Lila Perry Lila Perry

Nearly 200 students at a Missouri high school staged a two-hour walk-out earlier this week to protest against allowing a transgender to use the girl’s locker room during gym classes.

FoxNews.com is reporting that students expressed their outrage over having to share a bathroom and locker room facilities with a boy who calls himself Lila Perry. According to local news sources, Perry identified as a gay male until he was 13, but then “came out” as a transgender earlier this year. He was using a gender-neutral bathroom provided by the school but when he signed up for gym class, he decided to use the girl’s locker room. Because Perry still has male genitalia, the girls were understandably uncomfortable with the arrangement.

“I find it offensive because Lila has not went through any procedure to become female,” student Sophie Beel told Fox2. “Putting on a dress and putting on a wig is not transgender to me.”

Their parents are also concerned and flocked to a recent school board meeting where the topic of which bathroom Perry would use was the main topic of discussion.

“The girls have rights, and they shouldn’t have to share a bathroom with a boy,” Tammy Sorden told St. Louis Today. Sorden, who has a son at Hillsboro High, added that it’s not right to give Perry special treatment “while the girls just have to suck it up.”

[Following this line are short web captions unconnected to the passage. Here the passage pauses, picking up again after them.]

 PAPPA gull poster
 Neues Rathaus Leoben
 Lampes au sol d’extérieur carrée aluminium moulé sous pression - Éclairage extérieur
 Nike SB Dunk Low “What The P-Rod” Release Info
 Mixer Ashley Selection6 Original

“They should have the ability to do whatever they need to do in the privacy of the bathroom without having a male in there,” Derrick Good, a parent of two girls at the school and an attorney, told KFOR. “They have a right to their own bodily privacy, and I’ve raised my girls, and many of these parents have raised their girls, to protect that privacy. They don’t share that with members of the opposite sex.”

Perry doesn’t see it that way at all. “I’m not going to hurt their daughters. I’m not going to expose myself. I’m not a pervert. I’m a transgender woman. I’m a girl. I’m just in there to change, do my business, and that if they have any questions about being transgender, they are more than welcome to talk to me, and I’ll be happy to explain it.”

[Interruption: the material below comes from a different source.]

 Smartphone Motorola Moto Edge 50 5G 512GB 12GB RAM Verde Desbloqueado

He compared the reaction to when white people said they weren’t comfortable sharing a restroom with a black person. “ . . .[H]istory repeats itself,” Perry said.

The school is caught in a quandary because refusing to allow a student to use whatever bathroom conforms to the sex they identify with could constitute gender discrimination according to the U.S. Department of Education’s Office of Civil Rights.

“The Office of Civil Rights has issued an opinion that says, if you do this, you have engaged in gender discrimination,” said Kelli Hopkins, of the Missouri School Boards’ Association. “At the same time, there is no case law or statute in Missouri that says this is against the law.”

A counter-demonstration of about 30-40 students took place at the same time as the walkout with the majority of students voicing disapproval of allowing Perry to use girl’s facilities, especially because the school offered him a gender-neutral restroom which he turned down.